Thursday, 2 May 2013: 14:00-18:00
Banquet Hall (Kursaal Centre)
S. Ghai1, K. L. Muench2, A. Klin2 and G. Ramsay2, (1)Marcus Autism Center, Children's Healthcare of Atlanta and Emory University School of Medicine, Atlanta, GA, (2)Marcus Autism Center, Children's Healthcare of Atlanta & Emory University School of Medicine, Atlanta, GA

Atypicalities in vocal behavior have been consistently associated with autism since the earliest descriptions of the condition. Many studies analyzing speech development in autism have focused on investigating differences in intonation and rhythm associated specifically with prosodic deficits that seem to be characteristic of ASD. In our previous research, we showed that prosodic deficits, in the form of elevated and more variable fundamental frequency contours, may appear within the first year of life in infants at risk of autism, accompanied by atypical patterns of vocal interaction. However, it is not yet clear whether differences in prosody are specifically linked to deficits in social engagement, as our data suggest, or might instead simply be due to more general problems with motor control seen in ASD. Since fundamental frequency is only one property of the speech signal, characteristics of other voice source parameters might reveal a clearer picture about the origin of speech disorders in autism.


The goal of this study is to analyze developmental profiles of voice quality measures in the first two years of life in infants at risk of autism. By comparing measures that characterize different aspects of glottal function, we test the hypothesis that vocal atypicalities in high-risk infants reflect a core prosodic deficit specific to autism, as opposed to a more general deficit in phonatory function arising from motor impairments comorbid with ASD.


As part of an ongoing study, speech data were collected from 4 low-risk infants with no family history of autism and 4 high-risk infants with older siblings already diagnosed with autism. Day-long audio recordings of each child were made with a digital audio recording device (LENA Foundation) sent to participating families by mail and worn by the child for the entire day of the recording. The recording sessions began at 2 months and continued at monthly intervals for 12 months. Non-cry vocalizations for each child were extracted from each recording by hand labeling. Standard measures of voice quality including the fundamental frequency, open quotient, return quotient and speed quotient were estimated on a frame-by-frame basis for all segmented speech files. Developmental changes in all of our measures were quantified by using Functional Data Analysis to align the resulting densely sampled longitudinal profiles across individuals and derive growth charts of vocal development. Clinical assessments were carried out at 24 months to determine outcome.
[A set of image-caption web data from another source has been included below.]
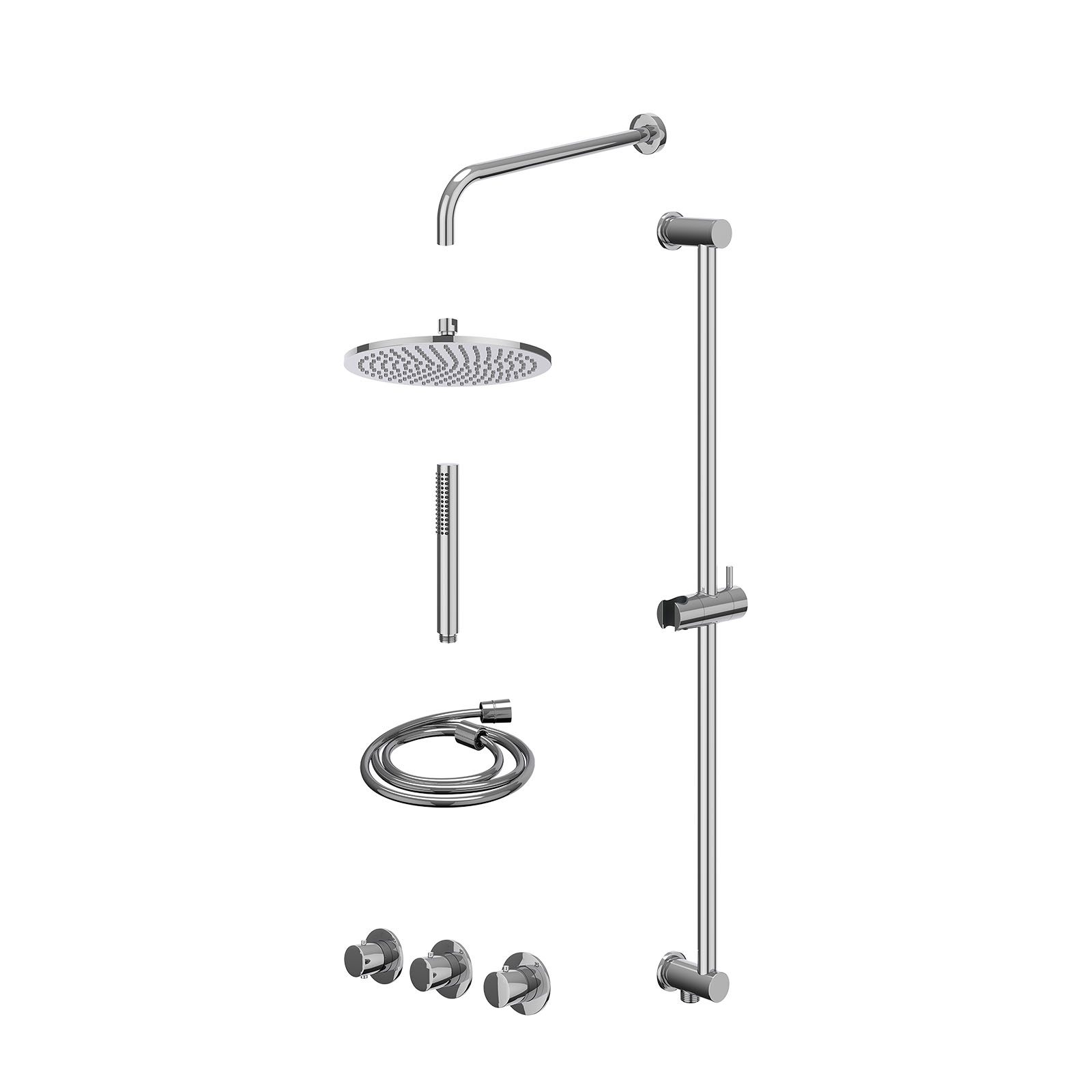 IVY Bond Regendoucheset inbouw 2 stopkranen - 25cm medium - wandarm - glijstang - staafhanddouche - excl. inbouwbox - Chroom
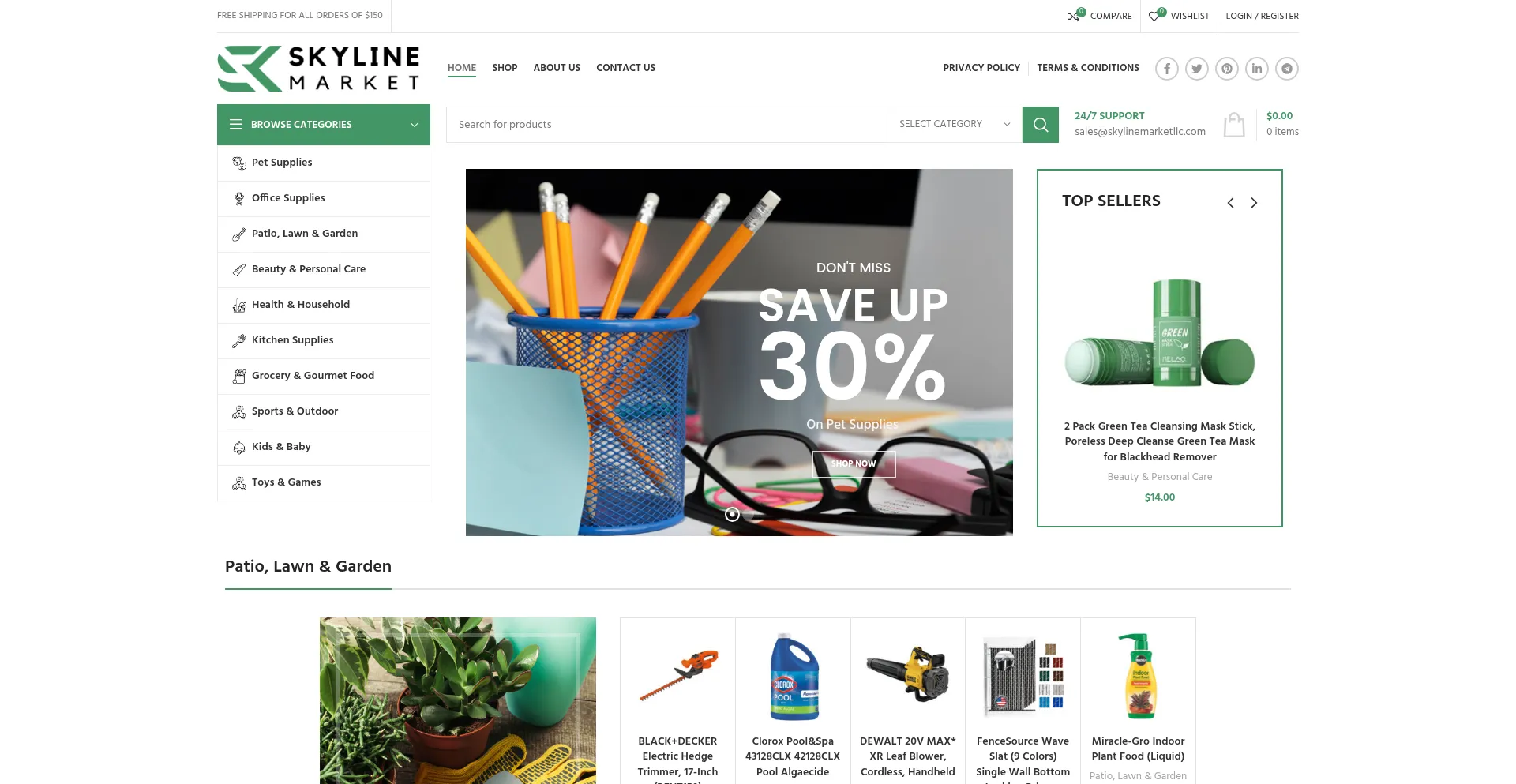 Website screenshot of Skylinemarketllc.com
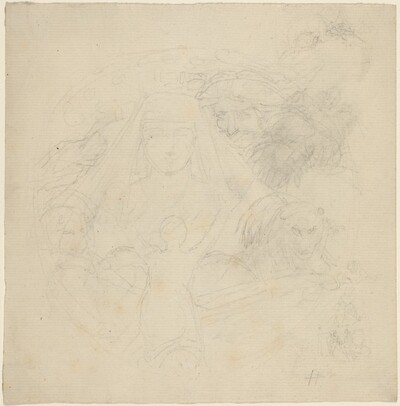 Figure Seen from behind Praying to an Apparition of a Head with Lions Below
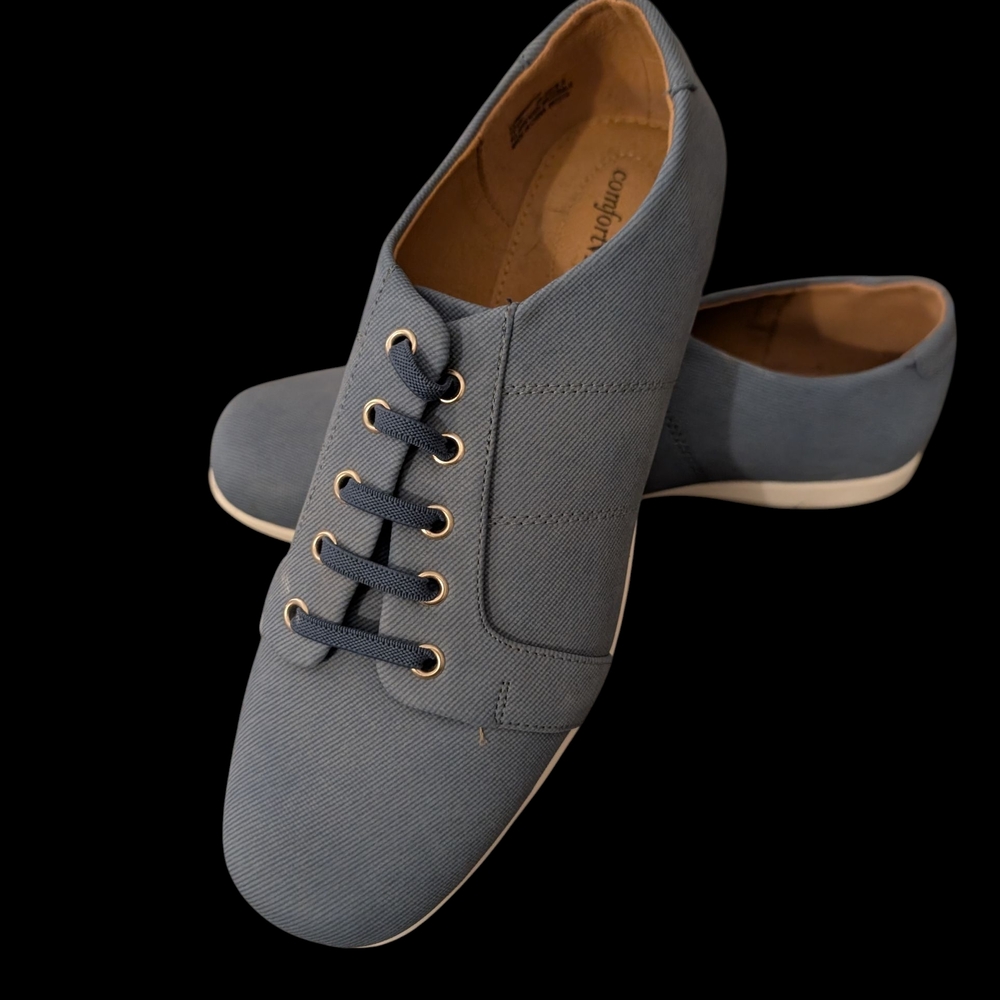Comfortview Men's Blue Canvas Sneakers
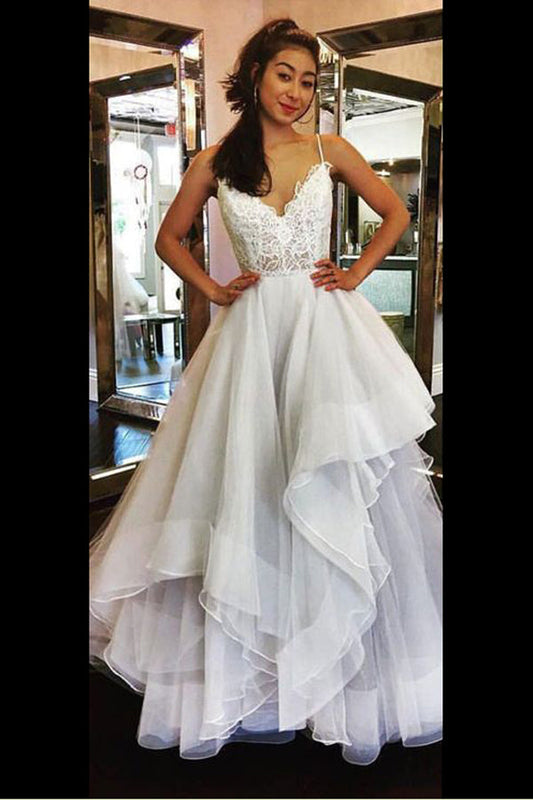 A Line Sweep Train Sweetheart Spaghetti Sleeveless Mid Back Appliques Ruffles Wedding Dresses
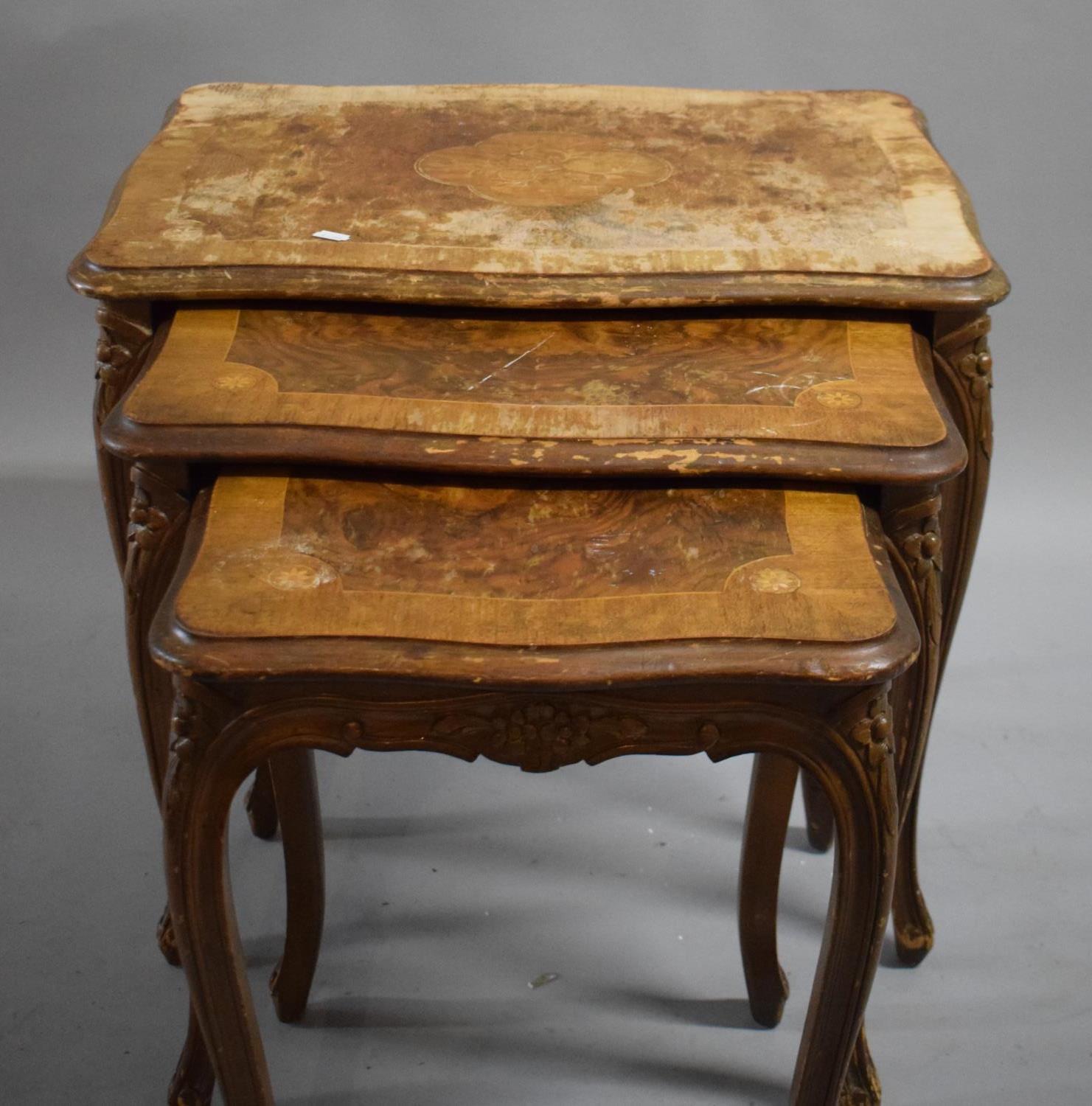 A Nest of Three Crossbanded Inlaid Burr Walnut Tables by Hale and Epstein, badly water stained and - Image 2 of 2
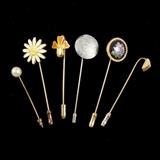 Lot of 7 Assorted Stick Pins. Marked Kirk, Crown Trifari, Avon, Plus some unmarked .Flowers. Star.
Condition: Very Good
Shipping: Yes
Size: 2"-2.5"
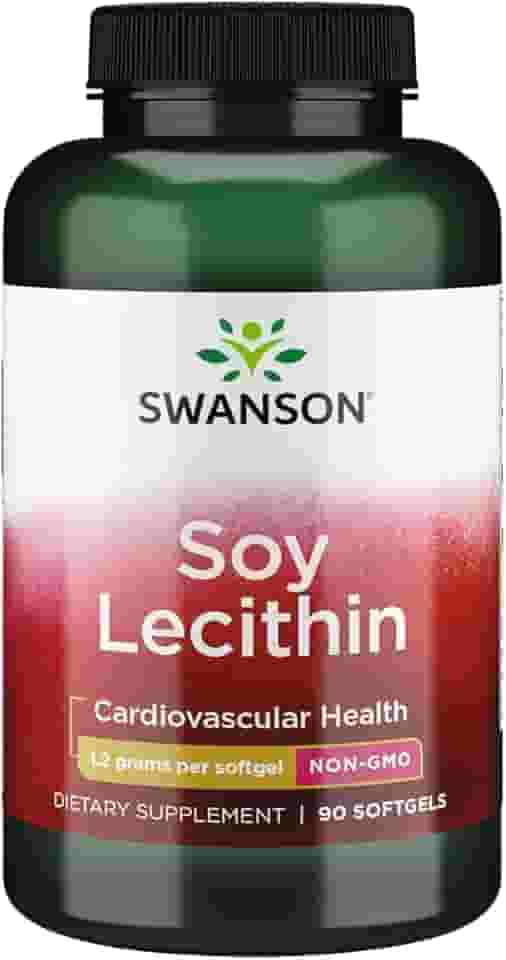 KIT 3x Lecitina Soja Livre de OGM Swanson 90 Softgels Importado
In our high-risk sample, two infants were diagnosed with broader autism phenotype and two had non-autistic language delays; all low-risk infants were found to be typically developing. Voice quality profiles showed that fundamental frequency was elevated and more variable across BAP and LD infants, diverging from TD infants at around 9 months. No significant differences are currently observed in our other measures.


Our results indicate that atypical vocal behavior in infants at risk of autism begins to develop towards the end of the first year of life, and may present as specific differences in intonational prosody rather than properties reflecting more general problems in phonatory control.